The other day my co-worker and I stumbled across an interesting find in MySQL— and by ‘stumbled’ I mean spent a good 30 minutes trying to figure out why some tests weren’t passing. Here’s what was happening:

We have an endpoint that receives incoming messages and in our database we have an incoming_messages table with a sender column. However, it is possible that sender might be null if we receive a message from an unknown source.

So, what I wanted to test was a function that counted all of the records that didn’t have a specific value for the sender column. For instance, I wanted to count all the incoming_mesages that didn’t have a sender value of “system”, meaning they’d been generated by our internal systems.

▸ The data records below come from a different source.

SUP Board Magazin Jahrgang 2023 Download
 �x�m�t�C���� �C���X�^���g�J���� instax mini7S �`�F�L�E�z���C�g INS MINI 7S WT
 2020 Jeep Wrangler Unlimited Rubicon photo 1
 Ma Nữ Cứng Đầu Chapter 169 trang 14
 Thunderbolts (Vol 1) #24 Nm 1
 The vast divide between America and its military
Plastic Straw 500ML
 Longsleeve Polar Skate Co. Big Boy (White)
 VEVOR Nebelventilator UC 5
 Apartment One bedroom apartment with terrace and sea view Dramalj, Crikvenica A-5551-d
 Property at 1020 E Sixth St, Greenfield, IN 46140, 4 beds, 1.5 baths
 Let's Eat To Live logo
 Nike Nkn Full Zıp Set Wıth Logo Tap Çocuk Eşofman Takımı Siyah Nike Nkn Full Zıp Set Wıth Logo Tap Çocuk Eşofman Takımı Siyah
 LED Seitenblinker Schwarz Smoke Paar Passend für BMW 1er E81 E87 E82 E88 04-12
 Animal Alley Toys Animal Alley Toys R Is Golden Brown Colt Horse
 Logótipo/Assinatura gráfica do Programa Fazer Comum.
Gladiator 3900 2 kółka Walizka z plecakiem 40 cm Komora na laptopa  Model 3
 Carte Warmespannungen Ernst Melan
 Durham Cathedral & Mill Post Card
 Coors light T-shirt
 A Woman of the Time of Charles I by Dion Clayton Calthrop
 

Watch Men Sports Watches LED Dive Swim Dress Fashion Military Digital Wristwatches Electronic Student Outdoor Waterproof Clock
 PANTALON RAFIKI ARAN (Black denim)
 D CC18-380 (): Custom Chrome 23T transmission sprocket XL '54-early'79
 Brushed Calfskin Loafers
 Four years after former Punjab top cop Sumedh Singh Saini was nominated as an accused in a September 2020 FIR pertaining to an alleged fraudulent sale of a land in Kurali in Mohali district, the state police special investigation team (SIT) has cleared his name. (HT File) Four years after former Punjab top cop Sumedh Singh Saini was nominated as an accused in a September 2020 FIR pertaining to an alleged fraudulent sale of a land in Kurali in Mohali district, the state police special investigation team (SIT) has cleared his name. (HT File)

My function under test looked liked this:

public int nonSystemMessageCount() {  
IncomingMessage.count("sender != 'system'")
}

and my test looked like this:

IncomingMessage.create("body", "some message body", "sender", null)  
the(nonSystemMessageCount()).shouldEqual(1);

However, no matter how many times I ran the test nonSystemMessageCount() returned 0, and no matter which way we debugged and how deep we went down our ORM’s call stack- it still returned 0. One of the debugging steps that finally started to narrow it down for us was trying to create a messages set from Message.select("sender != 'system'") — which also returned an empty set.

Fortunately, while I was down in the rabbit hole my co-worker found the MySQL documentation (as well as MariaDB docs- which we use) that revealed that neither count nor select will include any record where the value is null if doing a comparison, equality, or non-equality check.

So, ultimately we considered two options:
1) add the AND IS NULL check to our SQL statement
2) just not have null values in the sender column

Since we control the interface to the DB (and this is a new feature with no production data yet) we decided that we’d rather just not deal with null. We placed both a DB constraint and model validation on IncomingMessage so that sender can never be null. If we don’t know who the sender is then we set it to “unknown”. That’s probably the best design anyway, even if it does feel a little defensive.

Although I definitely understand why null doesn’t actually count for anything in a binary world, sometimes nothing is something! In this case, all of us on the team were pretty surprised to find out that records with a null value for a column didn’t count.